【寄稿】訪日客の忘れ物 オー・エス・エス代表取締役社長 荒木修一


 ここ最近、オーバーツーリズムという言葉をよく耳にするようになった。これは、観光客(とりわけ外国人観光客)が増えすぎたことによってさまざまな弊害が起きる事態を意味している。ごみ問題や交通渋滞、環境問題などのような目に見えるものが代表的だが、実は今、外国人観光客(以下ゲスト)の忘れ物がホテルや旅館(以下宿泊施設)にとって大きな問題となっていることをご存知だろうか。

 これまで宿泊施設では荷物を送ってほしいという依頼があったとしても、その送り先は日本国内が大半だったため、旅行者の荷物で特に困ることは少なかったのだが、ここ数年でゲストが急増したことで、宿泊施設ではさまざまな形で荷物を海外に送るよう依頼されることが多くなった。

 その代表的なものが忘れ物。宿泊施設においてゲストの忘れ物が発生した時、日本人旅行者の忘れ物の場合と異なり、国際配送特有の問題がいくつも発生するため、宿泊施設としては「費用持ち出しで配送する」、もしくは「依頼があっても断る」という選択肢を迫られることが多いのだ。それらの中でも、特に頭を悩ませるのが料金決済の問題。

 この問題の一番の原因は、国際宅配が国内宅配とは異なり、着払いが基本的に不可能なことにある。それゆえ、多くの宿泊施設ではどうしてもゲストから配送に係る料金を海外送金してもらわなければいけない。しかしゲストは、わざわざ銀行に出向いて送金する手間や、最低3千~4千円ほどかかる国際送金手数料を割高に感じ、料金を支払わないことが多い。

 もし仮に支払ったとしても、送金額の受取人である宿泊施設が中継銀行の手数料、および受け取り銀行の手数料を支払うことになるため、ホテルの手元に送料分のお金が残らない事態も起こる。

 別のケースでは、「荷物が到着した後に送金するので先に荷物を送ってほしい」と依頼したにも関わらず、荷物を受け取った後送金せずにそのまま連絡が取れなくなるゲストもいるようだ。このように、うまく料金決済ができないがため、ゲストに配送をあきらめてもらう、もしくは最悪の場合、自己負担にて配送しているのが多くの宿泊施設の実情なのだ。

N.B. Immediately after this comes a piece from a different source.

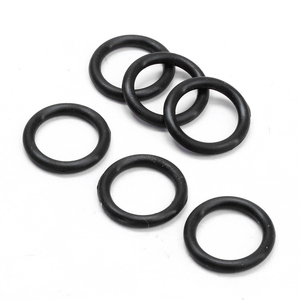 10 ชิ้น/ถุง NBR สีดำ แหวนยางกันรั่วทนความร้อน NBR สีดำ ปะเก็นกันน้ำสำหรับงานประปา M4-M100 - Product Image 4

 この他にも、料金についての折衝、忘れ物がそもそも海外に送ることができる物品かどうかの確認など、数多くの手間が現場で発生している。従って、現在ゲストの忘れ物対応においては、多くの宿泊施設でサービスという名のもとに大きな負担がかかっている。海外からの観光客が増えるにつれ、この負担はこれからますます大きくなるだろう。